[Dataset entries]
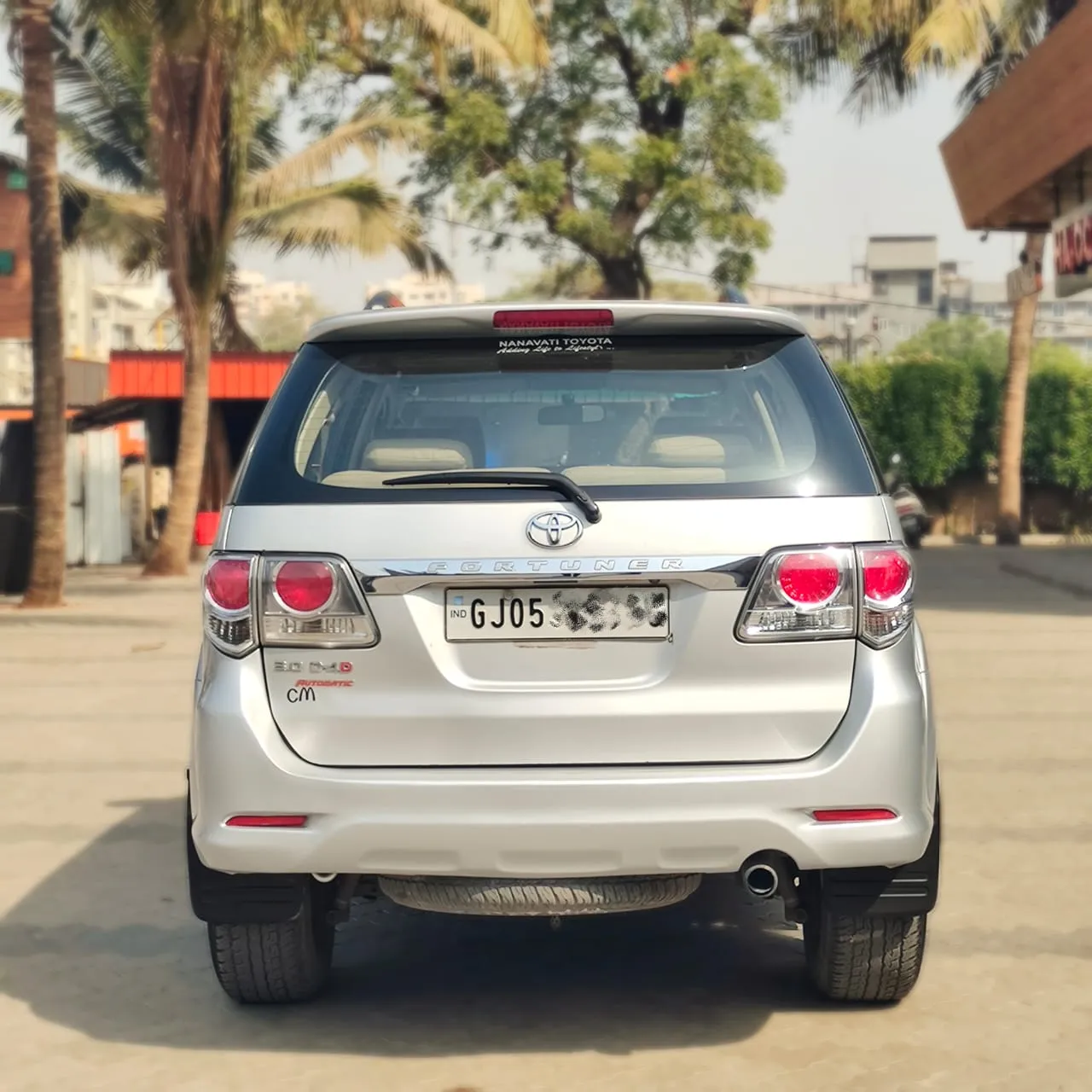 car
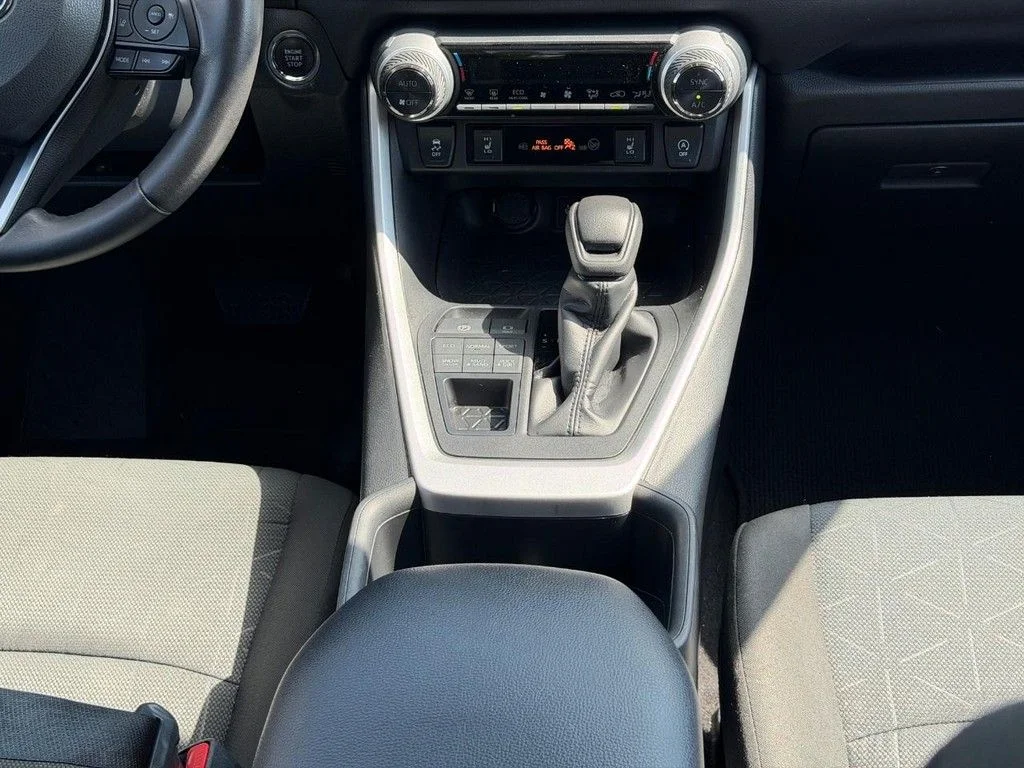 Used 2024 Black Toyota XLE image 16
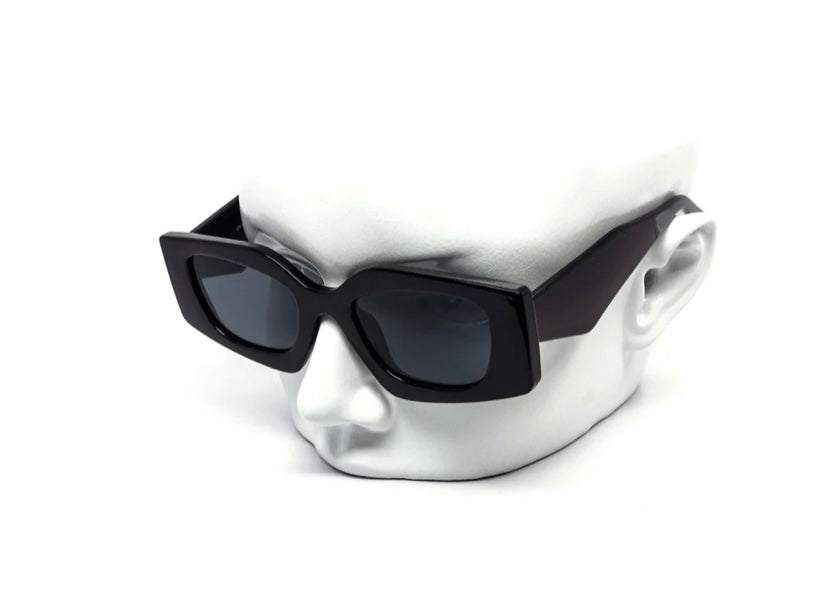 Oversized Boss Square Chunky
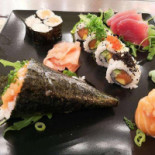 Praca Japonesa Nourriture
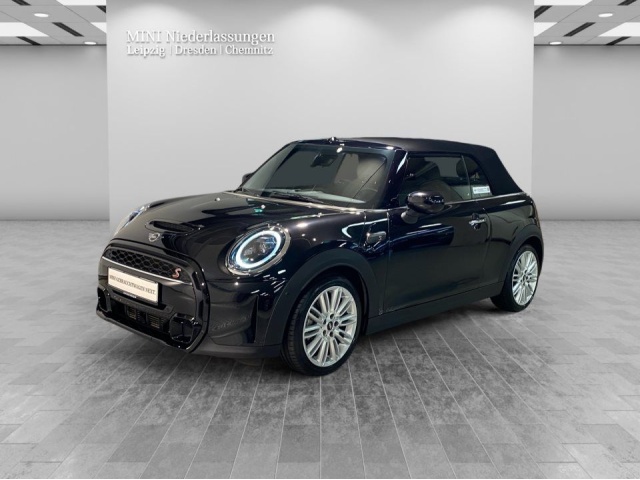 MINI Cooper S Cabrio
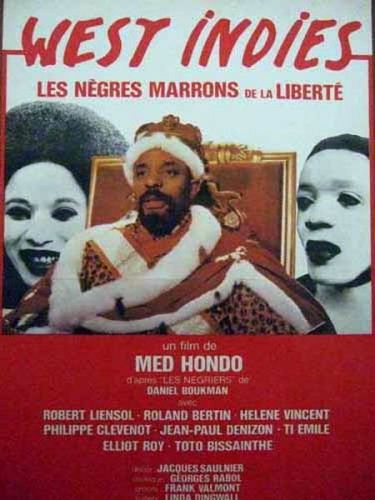 Affiche du film West Indies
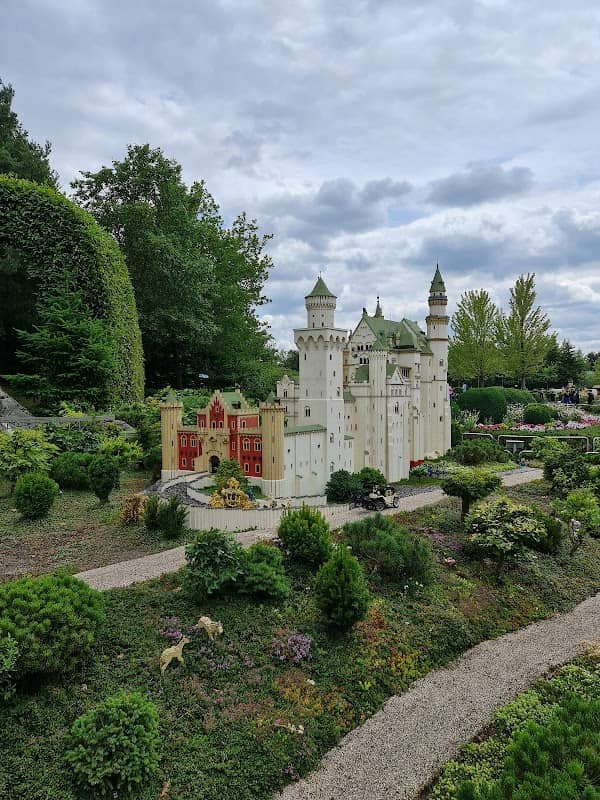 Schloss Neuschwanstein (Miniland) Günzburg - Image 1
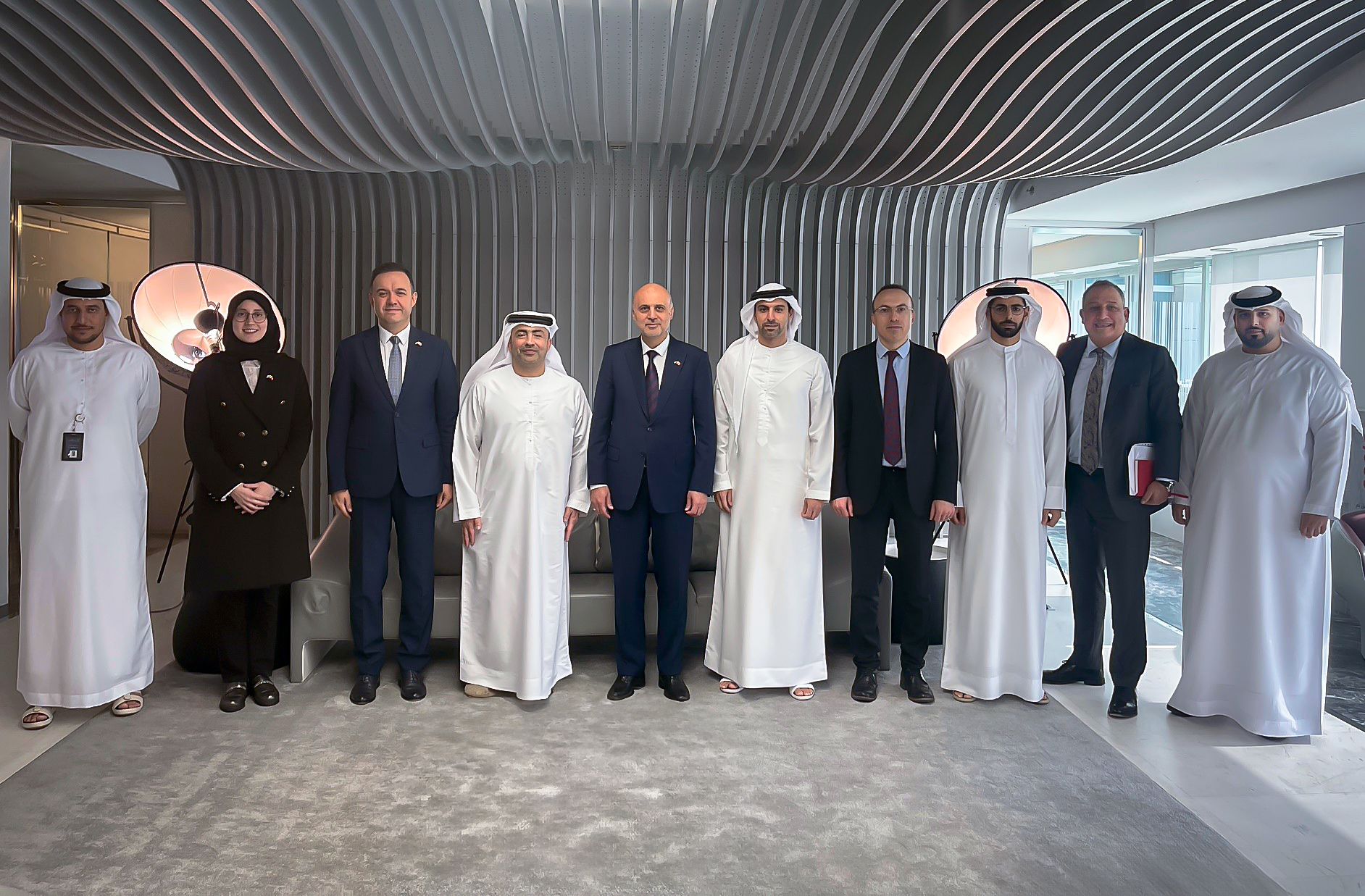 Tawazun Council and Türkiye`s Defence Industry Agency (SSB) Kickstart Collaboration in Abu Dhabi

→ EXERCISE DETAILS
Begin at the line containing "Schloss Neuschwanstein (Miniland)" and stop at the final line of the data. Retype those lines exactly, without the pictures.

→ RESULT OF THIS TASK
 Schloss Neuschwanstein (Miniland) Günzburg - Image 1
 Tawazun Council and Türkiye`s Defence Industry Agency (SSB) Kickstart Collaboration in Abu Dhabi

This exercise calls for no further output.